Zu Beginn pointierte Prof. Craig Smith von der Vanderbilt University Law School die drei zentralen Thesen, die Kagan bereits im Sommer 2002 in seinem Essay "Power and Weakness" (in Policy Review 113) vorgestellt und nun in seinem Buch weiter ausgeführt hatte. Danach seien hauptsächlich die folgenden Umstände für die derzeitigen Spannungen zwischen den Vereinigten Staaten und Europa verantwortlich: Das enorme militärische Machtgefälle zwischen den beiden Erdteilen und die Folgen für Strategie und Psychologie, die Unerfahrenheit der USA mit multilateralen Mechanismen der Konfliktbewältigung und der Friedenssicherung sowie die Doppelrolle, welche die USA als Mitglied und Beschützer der westlichen, friedlichen, paradiesischen' Welt einerseits und als Akteur in der als Dschungel' bezeichneten, gefährlichen Welt andererseits einzunehmen habe.

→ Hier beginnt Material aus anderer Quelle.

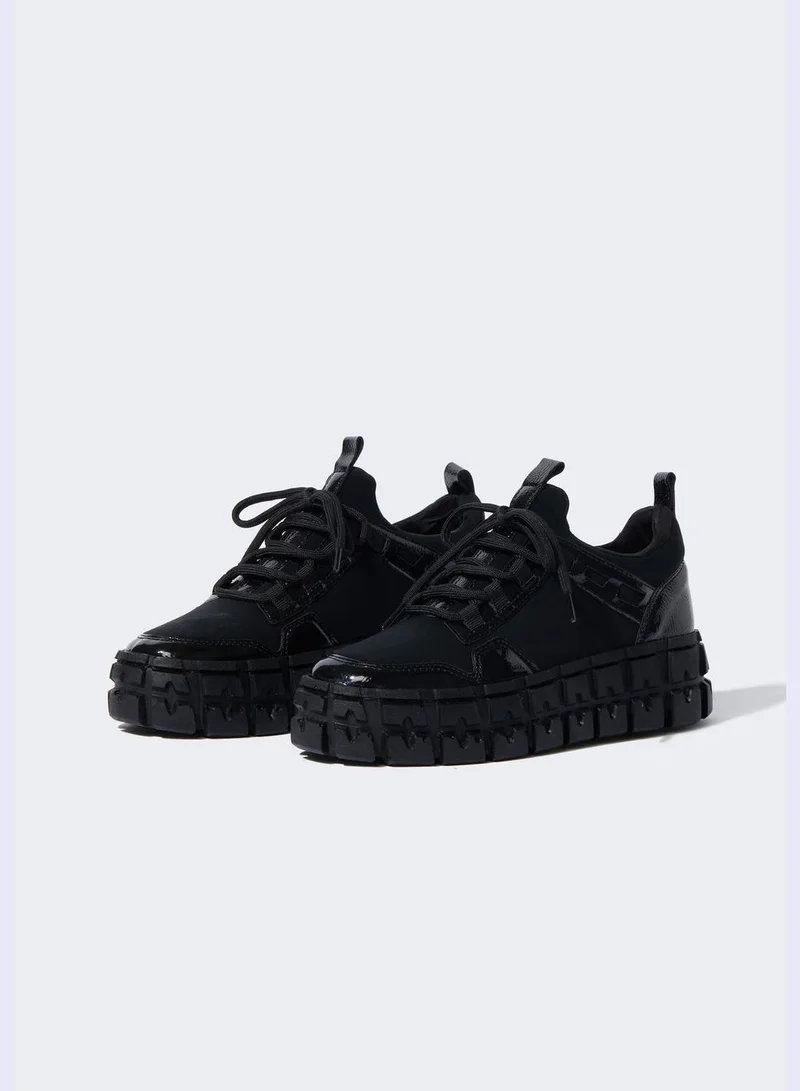 ديفاكتو Woman Casual Shoes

Im Anschluß gelang es Dr. Andreas Paulus von der Universität München und Gastprofessor an der University of Michigan Law School, hinter den von Kagan eingeführten Begriffspaaren und Antinomien die Grundlegung eines diese Polarisierung erst ermöglichenden Ausnahmezustands aufzudecken. Dieser ist bekanntlicherweise durch seine eigene Grundlosigkeit charakterisiert wie auch durch die letztendlich willkürliche Definition der sich in ihm ergebenden Wahlmöglichkeiten. Im Ausnahmezustand der vermeintlich allgegenwärtigen und mit normalen' Mitteln nicht mehr beantwortbaren terroristischen Bedrohung markieren die Alternativen von Begriffen wie "Paradies" und "Dschungel", "Recht" und "Macht", "Unilateralismus" und "Multilateralismus", "Prävention" und "Repression" immer schon die Einschränkung des Analyserahmens und damit die Festlegung jeder Auseinandersetzung auf "Pro" oder "Contra", nicht länger aber dient die öffentliche Debatte der Suche nach Gründen und historischen Umständen.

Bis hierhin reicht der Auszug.